--- WHAT IS REQUIRED ---
Give back exactly the line containing "Good afternoon. What" and all that follow it in the data below, with the pictures left out.
[INPUT DATA Boundary: Start]
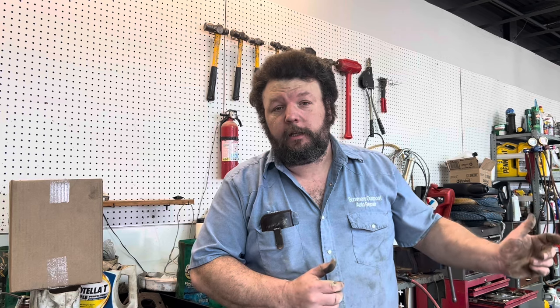Howdy y'all, you got the bulldog on the channel. Last few videos when I've done strut jobs, I have done quick struts — that's the complete strut, everything's already assembled, you just take one out and put one in.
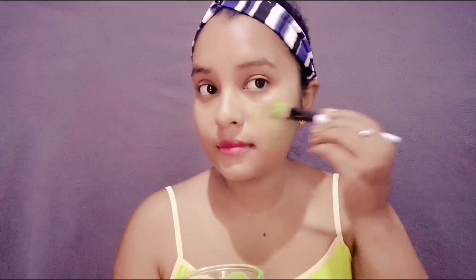Now apply this mixture all over your face and neck in thick layers. Spinach face pack will help eradicate pigmentation over time and also reverse pollution damage while giving your skin a glow. Omega-3 fatty acids in spinach moisturize the skin.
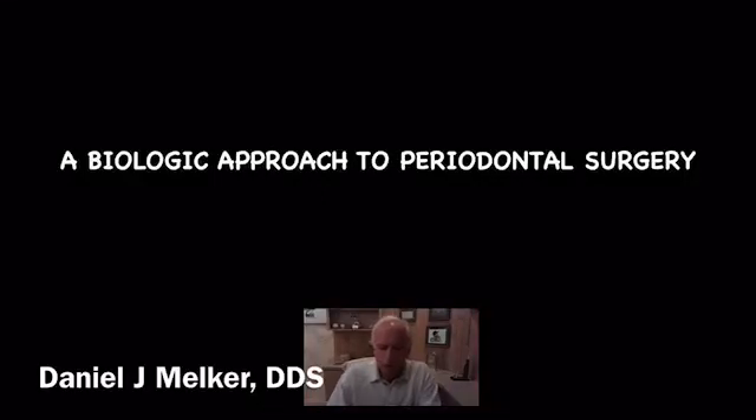Good afternoon. What we're going to do over the next several hours — and we will break it up into parts — is talk about Paranormal Surgery, but with a full understanding biologically of why each procedure is undertaken. The key to doing surgery really is beforehand knowing why, because once you know why, the how becomes relatively easy.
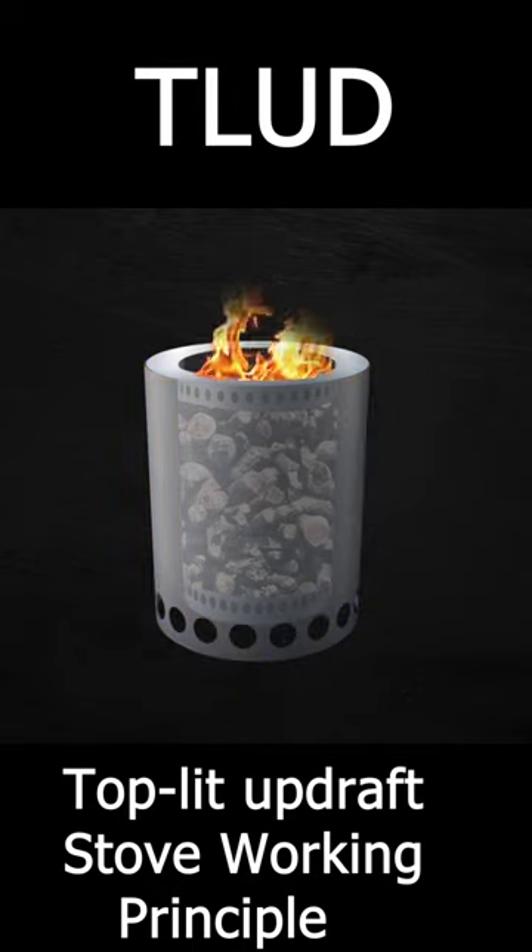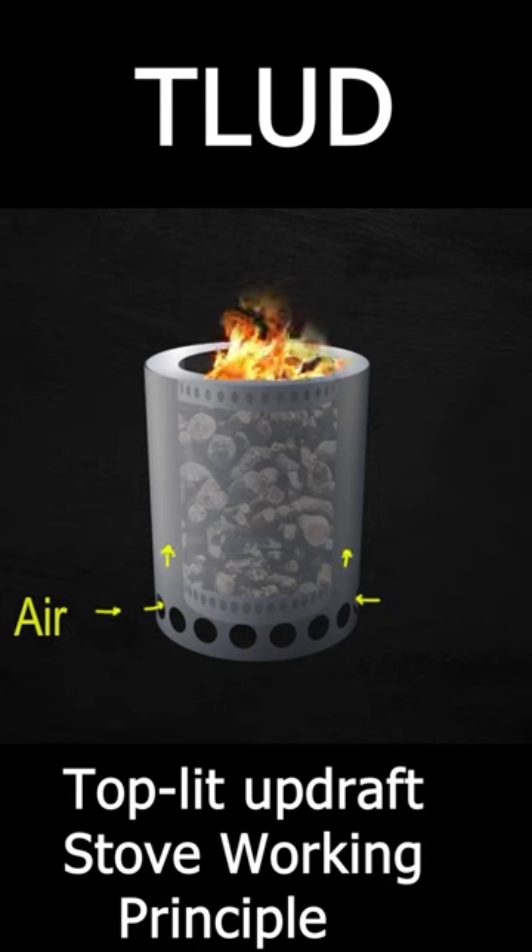The bottom of the outer cylinder has larger holes, which serve as air inlets. The inner cylinder has holes on the top, comparatively smaller than the holes in the bottom. The air passes through the larger holes, either through the draft or by the aid of small fans if required. This air will exit through the top hole and aid in the combustion of the biomass that is put in the inner cylinder as a fuel.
[INPUT DATA Boundary: End]
--- EXERCISE OUTPUT ---
Good afternoon. What we're going to do over the next several hours — and we will break it up into parts — is talk about Paranormal Surgery, but with a full understanding biologically of why each procedure is undertaken. The key to doing surgery really is beforehand knowing why, because once you know why, the how becomes relatively easy.
The bottom of the outer cylinder has larger holes, which serve as air inlets. The inner cylinder has holes on the top, comparatively smaller than the holes in the bottom. The air passes through the larger holes, either through the draft or by the aid of small fans if required. This air will exit through the top hole and aid in the combustion of the biomass that is put in the inner cylinder as a fuel.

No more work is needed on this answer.